7.8.1 Project Roadmap: Choose Prompt, RAG, or Finetuning
This capstone turns Chapter 7 into one engineering decision: is the problem task expression, missing knowledge, unstable format, unsafe behavior, or weak evaluation?
See the Project Route First



Do not start with the strongest model or the most complex framework. Start with a small domain task, a prompt baseline, fixed examples, and a failure log.
Run an Evidence Pack Check
Use this tiny project log before writing a report. It forces you to show the baseline, improvement, next route, and whether finetuning is actually justified.
project = {
"task": "classify course questions",
"baseline_pass_rate": 0.62,
"prompt_v2_pass_rate": 0.78,
"rag_needed": True,
"finetune_needed": False,
}
improvement = project["prompt_v2_pass_rate"] - project["baseline_pass_rate"]
print("task:", project["task"])
print("improvement:", round(improvement, 2))
print("next_route:", "RAG" if project["rag_needed"] else "Prompt")
print("fine_tune_now:", project["finetune_needed"])
Expected output:
task: classify course questions
improvement: 0.16
next_route: RAG
fine_tune_now: False
If your project cannot fill these fields, keep the project smaller.
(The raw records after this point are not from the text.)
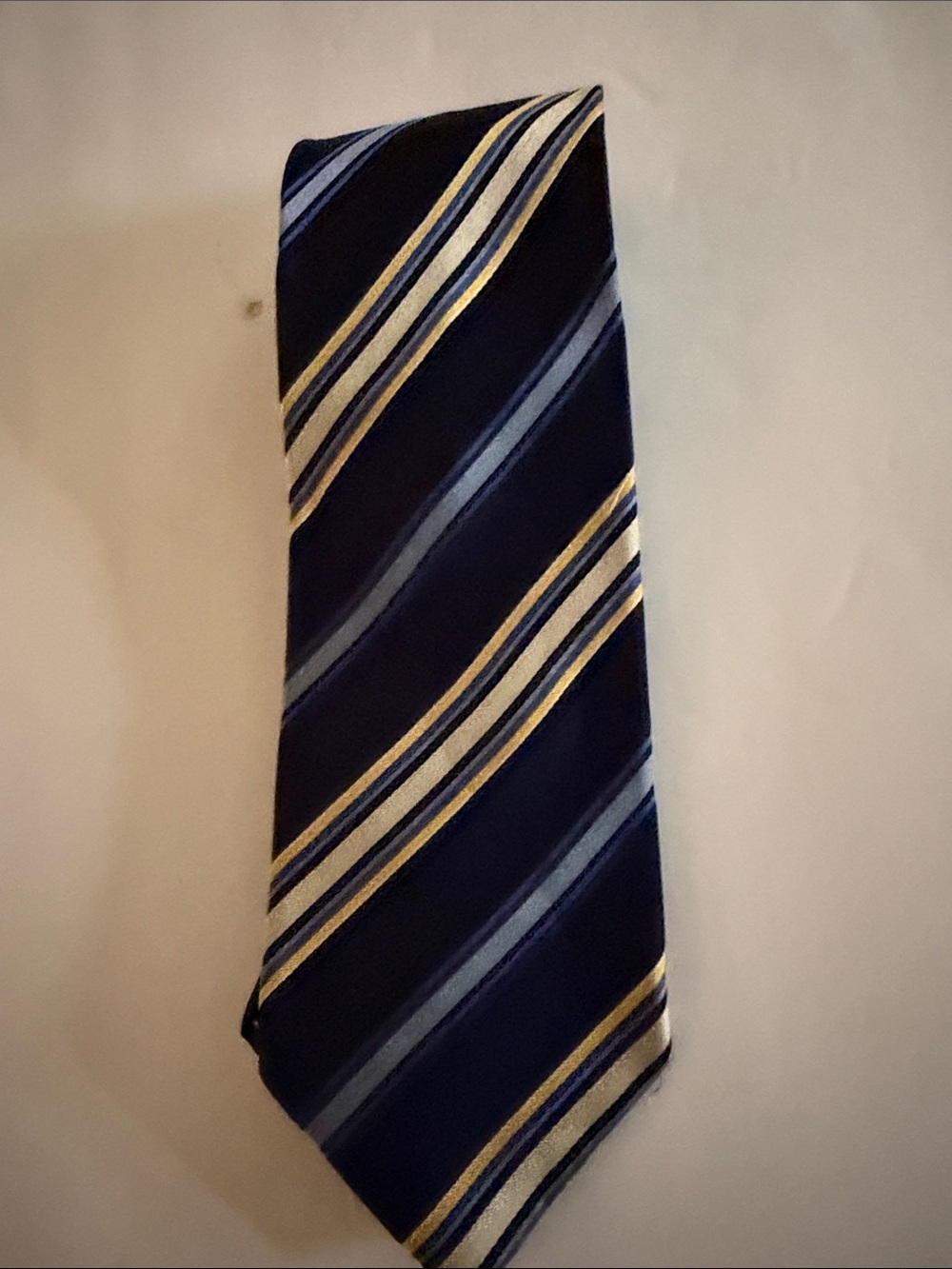 Brioni Navy Tie with Light Blue and Gold Stripes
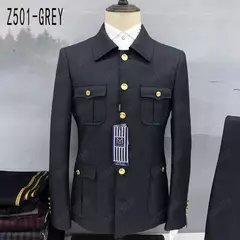Conjunto de terno de túnica masculino single breasted stand colarinho, blazers, jaqueta, calças, boutique, moda casual, casaco, calças, 2 peças, 2023 - loja online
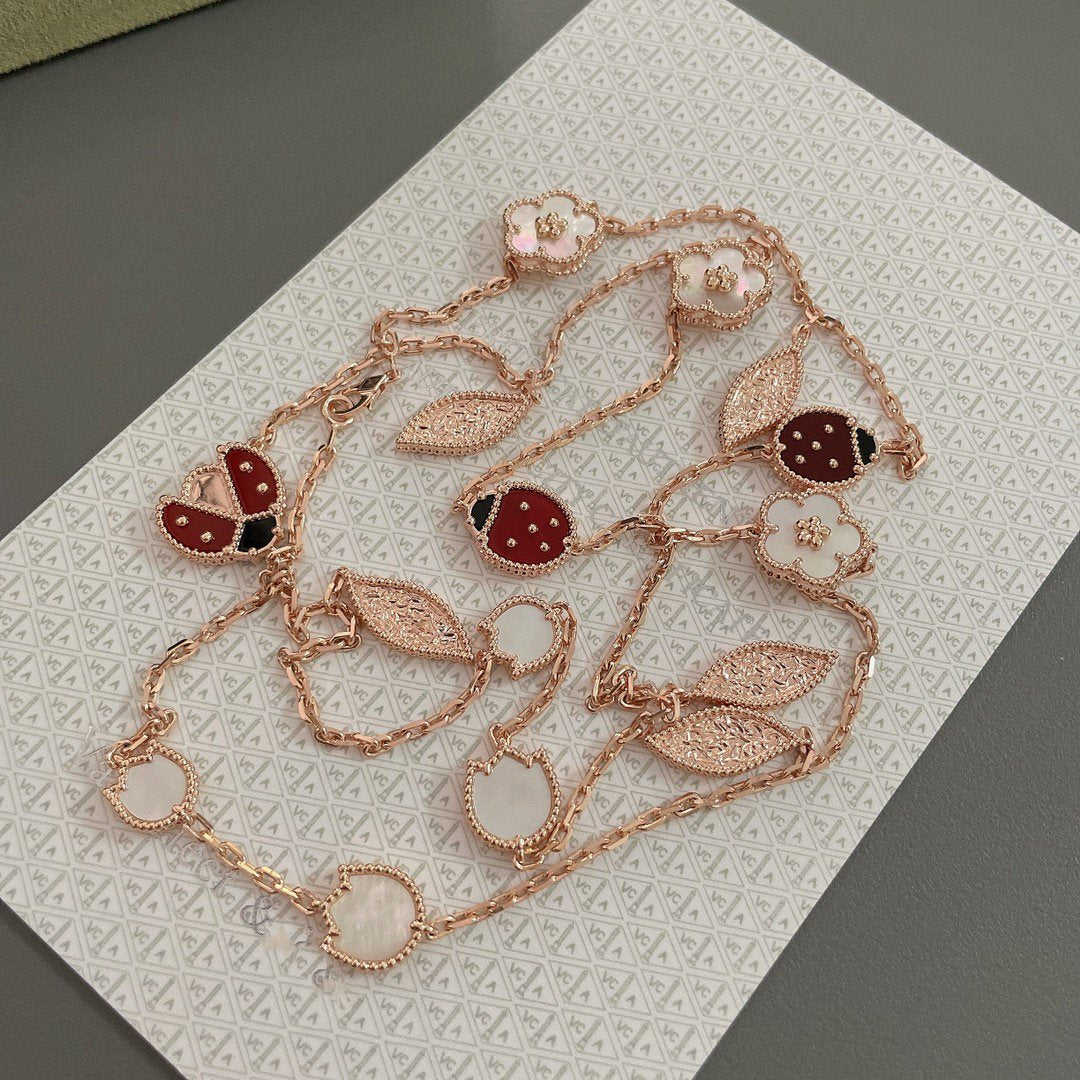 Noble Lucky Spring 15 Motifs Rose Gold Necklace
A clear comparison beats a large but untestable demo.
Learn in This Order
| Step | Do | Evidence |
|---|---|---|
| 1 | Pick one domain task | One-sentence task definition and 10 fixed examples |
| 2 | Build a prompt baseline | Prompt version, outputs, pass/fail notes |
| 3 | Classify failure types | Task wording, missing knowledge, format drift, safety boundary |
| 4 | Choose the next method | Prompt iteration, RAG, or finetuning decision note |
| 5 | Package the result | README, run command, screenshots, failure case, next steps |
If you want a guided starter, run 7.8.4 Hands-on: Full Chapter 7 Workshop before designing your own domain project.
Project Deliverable Standards
| Deliverable | Minimum Standard | Stronger Portfolio Version |
|---|---|---|
| README | Goal, run command, model or API choice, sample input/output | Add method trade-offs, cost notes, evaluation, and retrospective |
| Examples | At least 10 fixed cases | Compare prompt, RAG, finetuning, or rule-based versions |
| Evaluation | Clear pass/fail rule | Add scores, failure-type statistics, and regression notes |
| Prompt/data record | Save prompt versions or sample format | Add schema validation, data quality checks, and safety notes |
| Presentation | Screenshot or short GIF proving it runs | Explain why the chosen route beats alternatives |
Pass Check
You pass this chapter when you can clearly explain “why not finetune here,” “why RAG is needed here,” or “why this prompt change works,” with a fixed evaluation set rather than a single good answer.
The final project can be basic: compare two prompt versions on one domain task. The stronger version adds RAG or a small finetuning experiment, but only after the baseline and failure log prove the need.